Figure 2: A slightly more complex plan
After creating the plan, a good place to start is to look at the total cost of the query. The total cost will be located in the last operation. This will be the upper left-most icon, which in this case, is a Select operation. Hovering your cursor over the Select icon will give you a ToolTip with information about the operation (Figure 3).
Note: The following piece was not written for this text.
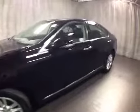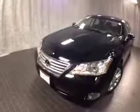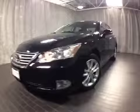This is our pre-owned certified 2011 Lexus ES350. The exterior color is obsidian with black leather interior. It is a front-wheel drive sedan with a 3.5 liter V6. We have several others in stock, all years, all color combinations.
We are interested in the Estimated Subtree Cost. The total cost is a relative value that gives a better sense of whether the query will perform quickly or not. It is made up of I/O cost and the CPU cost. The Operator Cost is a sum of the I/O Cost and the CPU Cost. In this case our query has a cost of well under 1. It will probably execute relatively fast. On the other hand, a query with a total cost in the thousands will probably take quite a while to complete. Several factors affect the estimated cost. Not only the number of rows and indexes on the underlying tables and views, but also environmental factors such as the number of CPU’s and hard drive are used to calculate the costs.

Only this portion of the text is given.